» **ASSIGNED TASK**
Starting at the line that contains "8275 S Stone" and stopping at the line that contains "Экран тепловой MERCEDES-BENZ", transcribe every line of the material below exactly; pictures stay out.

» **EXERCISE INPUTS**

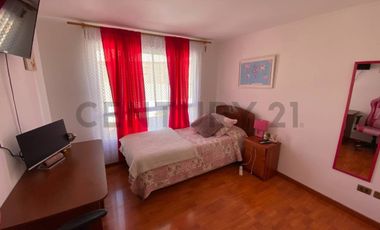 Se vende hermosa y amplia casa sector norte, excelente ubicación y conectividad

* * *

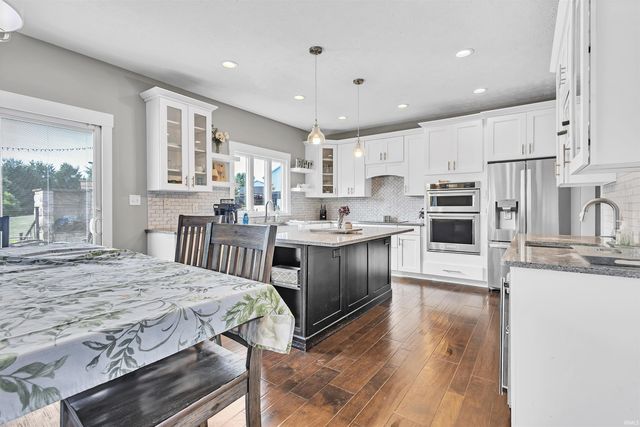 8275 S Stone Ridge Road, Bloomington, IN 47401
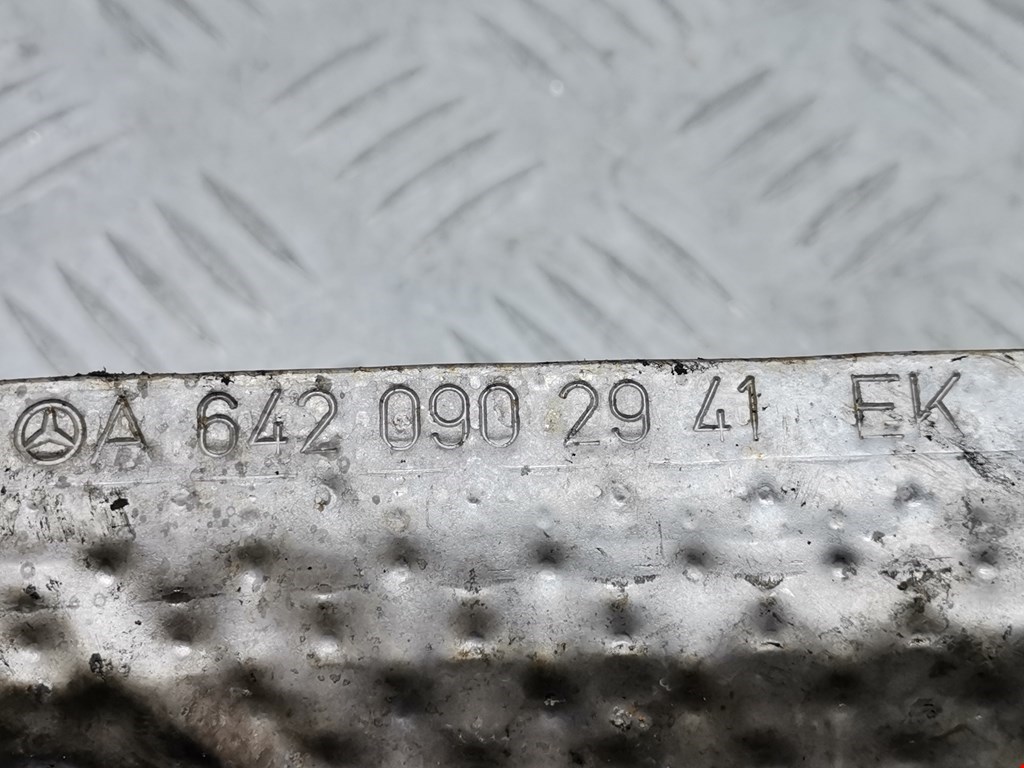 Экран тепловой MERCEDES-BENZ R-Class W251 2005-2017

» **RESPONSE AREA**
 8275 S Stone Ridge Road, Bloomington, IN 47401
 Экран тепловой MERCEDES-BENZ R-Class W251 2005-2017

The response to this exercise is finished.